= Abraham Freije =

Abraham Khalil Freije (also known as Ibrahim Freiji) (May 5, 1906 – May 24, 1997) is the coauthor of the first translation of the history of the United States into the Arabic language, “History of the American People”, published in 1946. The book divides itself into four principal sections: 1) beginnings of the American people; 2) beginning of the American nation (Revolution through the Civil wars); 3) development of the American nation (economics and culture); and 4) America's role in international conflicts.

==Biography==
Freije was born 1906 in Biskinta, Lebanon, the son of Khahl and Affifi Freije. After graduating from the University of Damascus in 1930 with a law degree, he practiced law in Beirut, Lebanon until 1938, when he immigrated to the United States.
Freije married Evelyn Haddad in Brooklyn, NY in 1943. Mr.

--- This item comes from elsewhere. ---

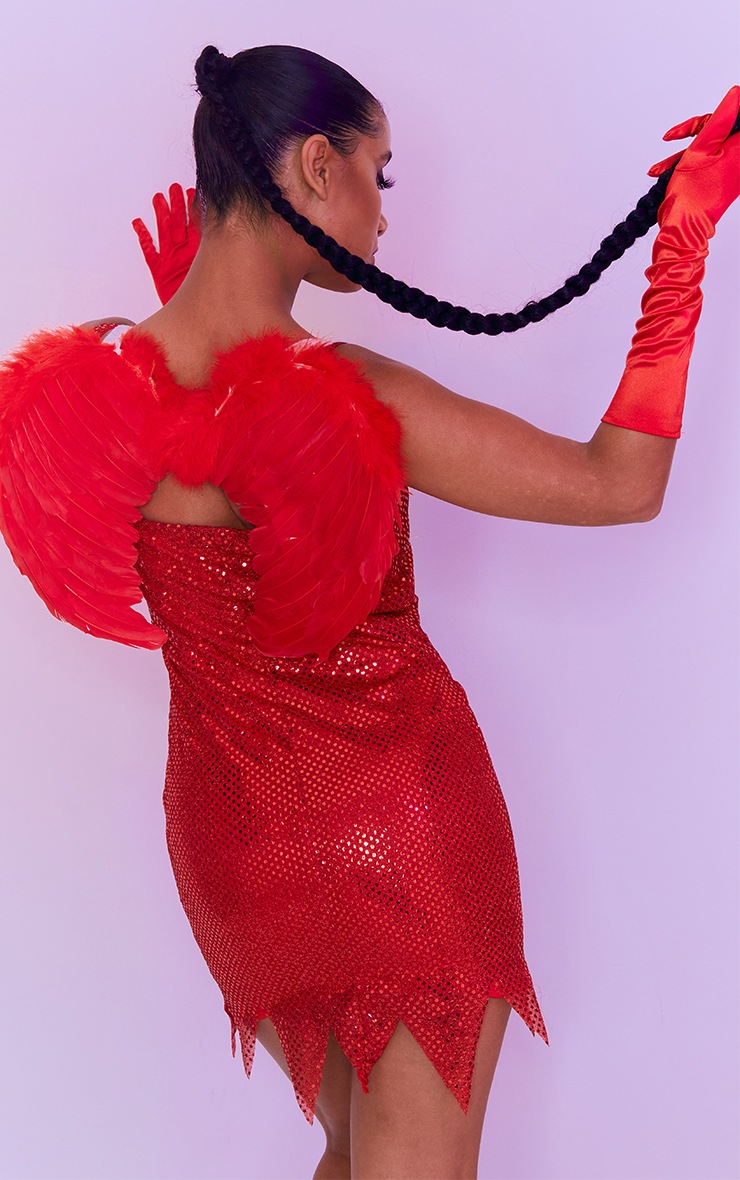 Mini Red Feather Angel Wings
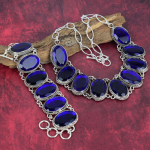 Laboris loodud sinisest safiirist kalliskivist 925 tahke h&otilde;bedast kaelakee ja k&auml;ev&otilde;ru, h&auml;mmastav k&auml;sitsi valmistatud reguleeritav ehtekomplekt &otilde;ele Adjustable With 8"-18"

Freije eventually settled in New London, CT, owning and operating a business on State Street in downtown New London. They had one son, Philip Freije.

==Career==
When he arrived in the United States, he served in the military intelligence unit of the U.S. Army during World War II, but was released to teach Arabic to the troops, teaching Arabic at Princeton University. Under the supervision of Philip K. Hitti, Freije and Farhat Jacob Ziadeh began work on the first full-length history of the United States ever to appear in Arabic. Hitti supervised the project with the cooperation of Princeton's Department of Oriental Languages and Department of History. The three co-authors finalized the roughly 350-page book entitled, “History of the American People,” and published the book under Princeton University Press. The book was printed at the American Press, Beirut, to accommodate the need for Arabic printing by linotype. The book release was also timed to coincide with the first visit by the Crown Prince of Saudi Arabia, Prince Saud Al-Saud, to the United States, which included a stop at Princeton as part of his nationwide tour at the invitation of President Harry S. Truman.